Is machine learning, also known as deep learning (a subset of artificial intelligence), an imminent threat to the livelihood of these specialists? Dermatologists who are knowledgeable about the technology say no, but maintain it will certainly have an impact on the practice of medicine. “I don’t think it’s even a question that at some point, computers will be as good as today’s best diagnosticians, in terms of looking at something and classifying it,” said Allan C. Halpern, MD, chief of the dermatology service at Memorial Sloan Kettering Cancer Center. “I don’t know if that will happen in two years or 10 years. But the real question is, what’s the best way to implement this in clinical care that allows us to find bad actors without doing a lot of harm? The only way the profession and the public at large come out ahead is if we embrace this as an opportunity and not a threat.”

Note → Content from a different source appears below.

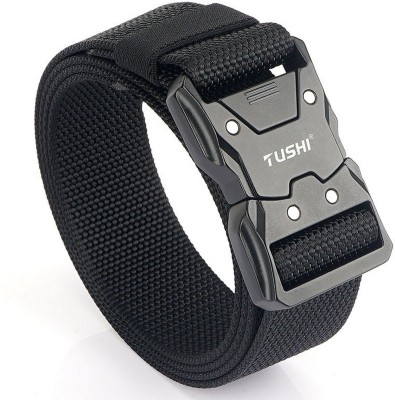 Tushi Men Black Nylon Belt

From dog breeds to skin lesions
The impetus for the Stanford study came from a dermatologist who was intrigued by the pioneering research into machine learning taking place in Stanford’s computer science department. “They were studying the ability of algorithms to look at images of dogs and identify the breed,” said Roberto Novoa, MD, clinical assistant professor of dermatology and pathology at Stanford University School of Medicine. “I was amazed. These were very specific, like distinguishing a Belgian Malinois from a German shepherd, and the algorithms performed better than a human who had spent 200 hours studying the breeds. So I thought, maybe it could learn to do this for skin cancer.”
Dr. Novoa reached out to Sebastian Thrun, an adjunct professor in the Stanford Artificial Intelligence Laboratory, who had become interested in applying machine learning technology to cancer diagnosis. “I met with his graduate students, who had started compiling Internet images from 2,000 disease categories, but weren’t quite sure what to make of them.” The algorithm that would eventually learn to diagnose skin cancer was pretrained in image recognition using 1.28 million images from Google’s ImageNet database of everyday objects, said Brett Kuprel, a PhD student in Thrun’s laboratory and a co-author of the Nature study. The algorithm, also known as a convolutional neural network, “is more like human intuition than like memory,” Kuprel explained. “It has a lot of parameters that are like tuning knobs that can be adjusted. When it looks at a raw image, it guesses what it is. At first, it’s completely random, and when we tell it it’s wrong (say, if it sees a cat and says it’s equally likely to be a dog, cat, or turtle) it automatically tunes the knobs to increase the probability assigned to the correct label, which is cat.” The more raw data it’s fed, the more sophisticated the algorithm becomes.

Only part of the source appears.